Before figuring out which route to take, you will need to ask yourself some questions to discern which is your best option.

  • What is your business background?
  • What kind of experience do you have in the industry you are pursuing?
  • Do you work better with support and guidelines or do you have an unshakeable vision of what you want your small business to look like?
  • Do you have viable finances available to start your business?
  • Do you need support and training?
  • What are you passionate about?

Opening a small business is an inherent risk. According to the Bureau of Labor Statistics, less than 20% of businesses started in 1994 are still open. Many state that franchise success rates are higher than independent businesses, but the truth is, the failure rate is the same. Only 66% of small businesses will survive the first two years. An even more bleak statistic is that one-half of total businesses fail in the first year. Avoiding becoming a statistic and establishing a thriving business is contingent on the decisions you make as an owner. The first of these decisions is deciding the route of business you plan on pursuing.

Read through this list of pros and cons to figure out your plan of action.

Creative Control

The area that is arguably the most important aspect of going into business is the operational concepts that establish and build the business. A franchise has developed these operational concepts and proved them in the marketplace. Successful franchises have fine-tuned these operations. Independent business requires prospect small business owners to develop these themselves. For example, if you plan on a retail store you will need to find vendors, design an inventory, and secure a POS system to name a few tasks.

Independent Business

With an independent business, this responsibility is completely your own. The advantage of this is that you have complete creative control. You design your bottom line and you alone are the ultimate deciding factor in every choice that pertains to the future your small business, for good or for worse.


Since you are starting a franchise, the scaffolding of the business is already in place. Many think of this is as buying a business in a box but in actuality, it is much more intricate than this. You will have to follow the guidelines set up by a franchisor—many of these are in place to secure a franchisee’s success.


Opening a business requires a huge amount of capital. Construction on a storefront, purchasing equipment & inventory, and training a staff are just a few costs that small business owners have to contend with. Each option has initial start-up costs, but where they differ is in the methods of financing and division of funds.

Independent Business

Historically, future independent business owners will have to account for more extraneous spending than franchises.

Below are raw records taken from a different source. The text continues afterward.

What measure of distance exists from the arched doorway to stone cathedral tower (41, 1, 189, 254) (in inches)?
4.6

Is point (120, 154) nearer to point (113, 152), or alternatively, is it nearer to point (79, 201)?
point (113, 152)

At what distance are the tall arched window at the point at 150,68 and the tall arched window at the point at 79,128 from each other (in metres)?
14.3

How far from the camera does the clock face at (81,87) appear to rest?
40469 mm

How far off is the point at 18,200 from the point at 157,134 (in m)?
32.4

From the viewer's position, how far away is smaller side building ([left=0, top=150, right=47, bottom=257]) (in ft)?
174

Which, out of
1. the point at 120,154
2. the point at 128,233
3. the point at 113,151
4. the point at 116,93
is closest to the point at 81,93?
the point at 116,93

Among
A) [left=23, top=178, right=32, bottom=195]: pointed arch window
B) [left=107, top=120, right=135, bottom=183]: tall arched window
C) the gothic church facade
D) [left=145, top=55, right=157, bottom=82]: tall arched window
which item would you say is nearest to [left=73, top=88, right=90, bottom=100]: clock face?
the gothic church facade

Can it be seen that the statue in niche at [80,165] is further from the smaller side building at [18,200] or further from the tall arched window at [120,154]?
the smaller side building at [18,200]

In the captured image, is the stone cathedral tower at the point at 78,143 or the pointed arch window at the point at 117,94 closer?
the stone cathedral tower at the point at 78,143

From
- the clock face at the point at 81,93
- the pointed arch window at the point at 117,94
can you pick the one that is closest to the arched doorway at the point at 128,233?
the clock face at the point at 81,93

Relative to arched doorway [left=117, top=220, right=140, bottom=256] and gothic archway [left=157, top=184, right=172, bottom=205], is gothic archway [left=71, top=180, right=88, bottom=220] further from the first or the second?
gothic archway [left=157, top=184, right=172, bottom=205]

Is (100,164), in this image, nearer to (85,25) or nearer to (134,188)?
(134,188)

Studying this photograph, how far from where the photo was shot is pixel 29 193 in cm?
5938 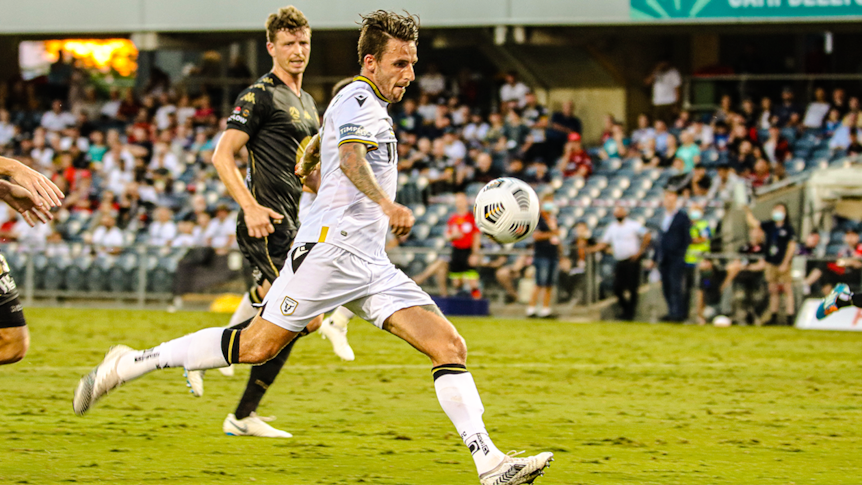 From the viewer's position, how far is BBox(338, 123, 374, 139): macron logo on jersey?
4.93 m

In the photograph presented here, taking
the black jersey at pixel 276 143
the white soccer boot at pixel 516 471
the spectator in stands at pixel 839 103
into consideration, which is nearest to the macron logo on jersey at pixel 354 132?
the white soccer boot at pixel 516 471

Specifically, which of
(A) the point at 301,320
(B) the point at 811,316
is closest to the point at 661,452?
(A) the point at 301,320

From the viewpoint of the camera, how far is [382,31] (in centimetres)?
507

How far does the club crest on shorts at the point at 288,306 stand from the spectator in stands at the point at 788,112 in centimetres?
1780

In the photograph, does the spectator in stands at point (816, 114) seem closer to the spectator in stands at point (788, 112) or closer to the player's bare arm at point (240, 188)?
the spectator in stands at point (788, 112)

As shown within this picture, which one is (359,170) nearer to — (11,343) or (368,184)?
(368,184)

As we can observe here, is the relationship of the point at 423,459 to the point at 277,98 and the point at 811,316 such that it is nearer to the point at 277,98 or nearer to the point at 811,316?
the point at 277,98

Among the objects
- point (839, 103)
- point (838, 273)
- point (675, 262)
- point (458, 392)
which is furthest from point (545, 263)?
point (458, 392)

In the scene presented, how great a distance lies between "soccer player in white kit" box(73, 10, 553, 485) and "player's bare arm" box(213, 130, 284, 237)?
69 centimetres

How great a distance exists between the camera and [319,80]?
1119 inches

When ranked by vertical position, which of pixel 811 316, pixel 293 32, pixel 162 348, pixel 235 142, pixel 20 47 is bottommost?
pixel 811 316

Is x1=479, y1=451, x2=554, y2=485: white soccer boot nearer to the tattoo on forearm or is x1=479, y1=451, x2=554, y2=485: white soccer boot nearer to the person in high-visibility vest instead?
the tattoo on forearm

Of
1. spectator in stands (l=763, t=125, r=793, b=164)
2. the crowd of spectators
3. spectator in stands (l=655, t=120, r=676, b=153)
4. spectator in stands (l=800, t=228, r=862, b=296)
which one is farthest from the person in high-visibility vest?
spectator in stands (l=655, t=120, r=676, b=153)

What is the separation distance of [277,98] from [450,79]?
19.3 meters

Higher investments costs are due to liabilities and the fact that operational tasks are being done for the first time. For instance, a retailer will have to find vendors for their initial stock order and will not be entitled to group discounts that franchise owners are eligible for. However, having more control allows independent business owners to forestall certain investments. They are not mandated to proceed with expensive construction or purchasing non-essential equipment.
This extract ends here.